One of the most fundamental aspects of any machine learning algorithm is the training data used by the algorithm. We introduce the novel concept ofapproximation of datasets, obtaining datasets which are much smaller than or are significant corruptions of the original training data while maintaining similar model performance. We introduce a meta-learning algorithm called Kernel Inducing Points (KIP ) for obtaining such remarkable datasets, inspired by the recent developments in the correspondence between infinitely-wide neural networks and kernel ridge-regression (KRR). For KRR tasks, we demonstrate that KIP can compress datasets by one or two orders of magnitude, significantly improving previous dataset distillation and subset selection methods while obtaining state of the art results for MNIST and CIFAR-10 classification. Furthermore, our KIP -learned datasets are transferable to the training of finite-width neural networks even beyond the lazy-training regime, which leads to state of the art results for neural network dataset distillation with potential applications to privacy-preservation.

1. INTRODUCTION

Datasets are a pivotal component in any machine learning task. Typically, a machine learning problem regards a dataset as given and uses it to train a model according to some specific objective. In this work, we depart from the traditional paradigm by instead optimizing a dataset with respect to a learning objective, from which the resulting dataset can be used in a range of downstream learning tasks. Our work is directly motivated by several challenges in existing learning methods. Kernel methods or instance-based learning (Vinyals et al., 2016; Snell et al., 2017; Kaya & Bilge, 2019) in general require a support dataset to be deployed at inference time. Achieving good prediction accuracy typically requires having a large support set, which inevitably increases both memory footprint and latency at inference time-the scalability issue. It can also raise privacy concerns when deploying a support set of original examples, e.g., distributing raw images to user devices.
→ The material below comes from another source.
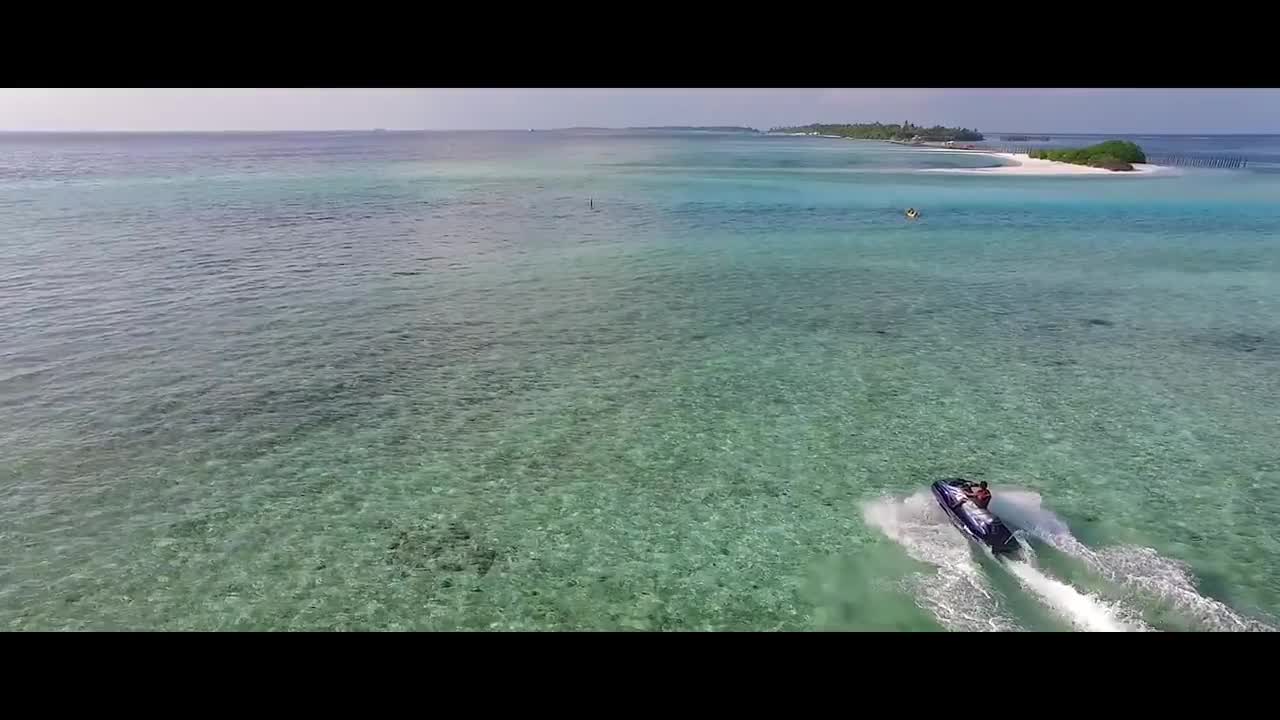 Maldives nhìn từ trên cao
Additional challenges to scalability include, for instance, the desire for rapid hyper-parameter search (Shleifer & Prokop, 2019) and minimizing the resources consumed when replaying data for continual learning (Borsos et al., 2020) . A valuable contribution to all these problems would be to find surrogate datasets that can mitigate the challenges which occur for naturally occurring datasets without a significant sacrifice in performance.

This suggests the following

Question: What is the space of datasets, possibly with constraints in regards to size or signal preserved, whose trained models are all (approximately) equivalent to some specific model? In attempting to answer this question, in the setting of supervised learning on image data, we discover a rich variety of datasets, diverse in size and human interpretability while also robust to model architectures, which yield high performance or state of the art (SOTA) results when used as training data. We obtain such datasets through the introduction of a novel meta-learning algorithm called Kernel Inducing Points (KIP ). Figure 1 shows some example images from our learned datasets.